__What you need to do__. Return the data below exactly, but only from the line containing "Les impalas, Okawango-Delta" through the line containing "آپارتمان 1 خوابه", with both of those lines included.

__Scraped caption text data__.

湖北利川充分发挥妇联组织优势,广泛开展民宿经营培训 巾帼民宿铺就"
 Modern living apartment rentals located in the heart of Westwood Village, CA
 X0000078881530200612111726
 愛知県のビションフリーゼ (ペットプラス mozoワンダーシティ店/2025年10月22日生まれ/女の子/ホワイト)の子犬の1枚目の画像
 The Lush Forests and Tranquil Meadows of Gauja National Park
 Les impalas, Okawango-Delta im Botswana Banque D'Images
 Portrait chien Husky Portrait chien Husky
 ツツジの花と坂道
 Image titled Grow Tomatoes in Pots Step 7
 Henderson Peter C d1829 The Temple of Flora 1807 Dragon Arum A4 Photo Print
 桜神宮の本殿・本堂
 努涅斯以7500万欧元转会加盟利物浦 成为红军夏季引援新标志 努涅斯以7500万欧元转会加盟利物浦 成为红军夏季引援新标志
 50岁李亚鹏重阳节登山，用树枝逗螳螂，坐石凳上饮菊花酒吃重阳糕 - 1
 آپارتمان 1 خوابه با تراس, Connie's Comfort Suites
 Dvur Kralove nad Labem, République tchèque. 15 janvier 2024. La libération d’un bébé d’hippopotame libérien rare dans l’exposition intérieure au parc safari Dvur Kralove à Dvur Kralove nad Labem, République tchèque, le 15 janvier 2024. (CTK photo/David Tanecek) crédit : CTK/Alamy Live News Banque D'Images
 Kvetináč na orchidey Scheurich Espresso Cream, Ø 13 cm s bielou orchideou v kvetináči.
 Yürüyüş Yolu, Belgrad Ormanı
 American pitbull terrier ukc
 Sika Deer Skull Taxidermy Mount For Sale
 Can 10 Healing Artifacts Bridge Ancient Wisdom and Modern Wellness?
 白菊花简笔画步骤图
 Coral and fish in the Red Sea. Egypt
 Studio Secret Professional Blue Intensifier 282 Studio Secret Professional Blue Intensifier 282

__Task answer__.
 Les impalas, Okawango-Delta im Botswana Banque D'Images
 Portrait chien Husky Portrait chien Husky
 ツツジの花と坂道
 Image titled Grow Tomatoes in Pots Step 7
 Henderson Peter C d1829 The Temple of Flora 1807 Dragon Arum A4 Photo Print
 桜神宮の本殿・本堂
 努涅斯以7500万欧元转会加盟利物浦 成为红军夏季引援新标志 努涅斯以7500万欧元转会加盟利物浦 成为红军夏季引援新标志
 50岁李亚鹏重阳节登山，用树枝逗螳螂，坐石凳上饮菊花酒吃重阳糕 - 1
 آپارتمان 1 خوابه با تراس, Connie's Comfort Suites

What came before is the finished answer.